Early events, as a means of sharing server computing load, are specific interactions that occur in real documents or browser windows, such as click Buttons, drag and drop files, and so on. We can use listeners to schedule events and respond when an event is released, a pattern called the Observer model.
Event Flow
The event flow is the order in which events are received from the page. In an HTML page, the DOM element makes up a DOM tree, because the child element is generally positioned within the parent element. Then, when the child element is clicked, it can be thought that the child element is clicked or that the parent element is clicked. Then determining who receives the Click event first becomes a problem that the browser needs to address.
Event Bubbling
When IE handles the above event, it is received by the most specific element of the event (the node with the deepest nesting level in the document), and then propagates up to the root node gradually. This is the event bubbling.
<! DOCTYPE html>
In the above code, if you click the div element, then <body>,
Event Capture
The Netscape Communicator team proposed a completely opposite solution to ie, receiving events in the order of the root node to the specific node, which is the event capture. That is, in the above example, the order in which the click events are received is document,
DOM Event Stream
The event flow under "DOM2 level events" includes three phases: The event capture phase, the target phase, and the event bubbling phase. The first thing that happens is event capture, which is then in the target phase, and the last event bubbles.
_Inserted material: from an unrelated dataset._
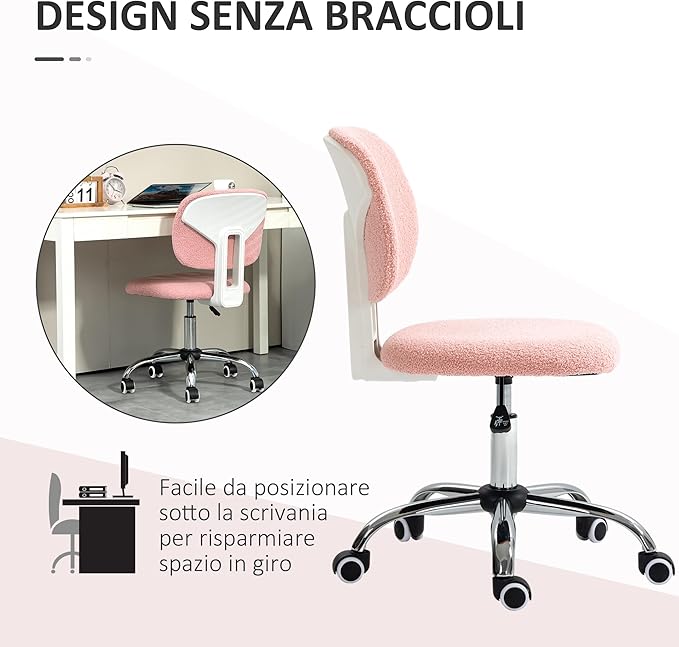Vinsetto Cute Armless Office Chair, Teddy Fleece Fabric Computer Desk Chair, Vanity Task Chair with Adjustable Height, Swivel Wheels, Mid Back, Pink - LeafyLoom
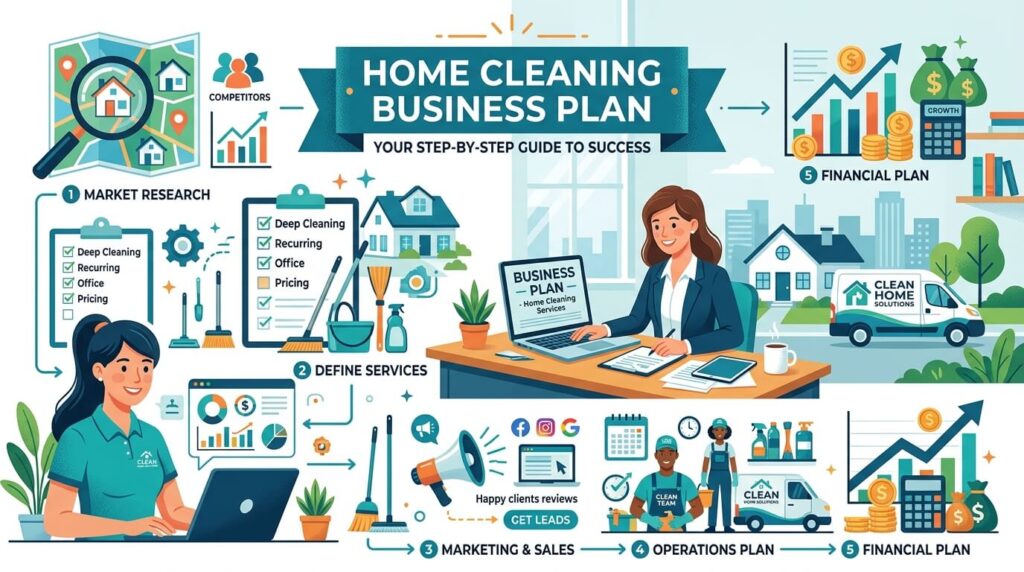 home cleaning business plan template for residential cleaning service startup with marketing strategy, budget planning and checklist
Still take the above code as an example, click Div, first document gets the click event, then to
Event Handlers
HTML event handlers
Dom elements typically have attributes that support events, such as onclick, which should be the ability to execute JavaScript code, which is its event handler, such as:
<input type= "button" value= "click Me" onclick= "alert (' click ')"/>
You can also call scripts defined elsewhere on the page:
<input type= "button" value= "click Me" onclick= "handler ()" >
<script>
function handler () {
Alert (' click ');
}
</script>
There are three drawbacks to specifying an event handler in an HTML page: There is time difference, when the script is slower than binding the event DOM element, the user triggers an error when the script is not loaded, and another disadvantage is that the scope chain of the extended event handler can cause different results in different browsers, That is, the point of this is inconsistent; Finally, this tightly coupled code style leads to higher maintenance costs, modifying the HTML code and the JS code when modifying the code later.
DOM0-level event handlers
The traditional way to specify event handlers through JavaScript is to assign a function to an event handler property. This specified event handler has a simple, cross-browser advantage, and its event handlers are triggered during the bubbling phase of the event stream:
<! DOCTYPE html>
Note that you cannot specify multiple event handlers for the same event for the same element in this way, and if you bind multiple times, the last time.
DOM2-level event handlers
The DOM2 level event defines two methods for handling the actions that specify and delete event handlers: AddEventListener () and RemoveEventListener (). They accept three parameters: the event name that is handled, the event handler, a Boolean value that specifies whether to be handled during event bubbling or event capture, true for processing in the event capture phase, and false for the event bubbling phase. Note that the event handler intelligence specified through AddEventListener () is removed by RemoveEventListener (), and if the second argument in AddEventListener () is an anonymous function, cannot be removed by RemoveEventListener (), nor can there be any way to remove it. IE implements two methods similar to the DOM: Attachevent () and DetachEvent (), which receive two parameters, the first is the event name (note that the event name has an on prefix, for example, the Click event is onclick), The second parameter is the event handler function. The following example is a browser-compatible event-binding function:
<!
DOCTYPE html>
Event Delegates
In fact, the operating system allocates more resources to the browser than other desktop applications, mainly because hackers use Web applications to do a lot of computing, causing the computer's resources to be too much occupied and down the machine and other reasons. JavaScript affects web page applicability in a number of ways, such as: Each function is an object, will occupy memory; the more objects in memory, the worse the performance. Second, the more DOM accesses that must be specified in advance for all event handlers, the longer the page interaction ready time is created. So too many event handlers will degrade the performance of the event, the solution to this problem is the event delegate. Event delegates can manage all events of a class by using event bubbling, specifying only one event handler. For example, you can add an event handler at the highest possible level in the DOM tree, and you can then manipulate the event target element:
<!
DOCTYPE html>
As you can see from the above code, only one DOM element is fetched, and only one event handler is added, so that memory usage can be reduced. However, it is not recommended that the event agent be used for mouseover and mouseout because the Mouseout event is triggered when the mouse moves from one element to its child, or when the mouse removes the element.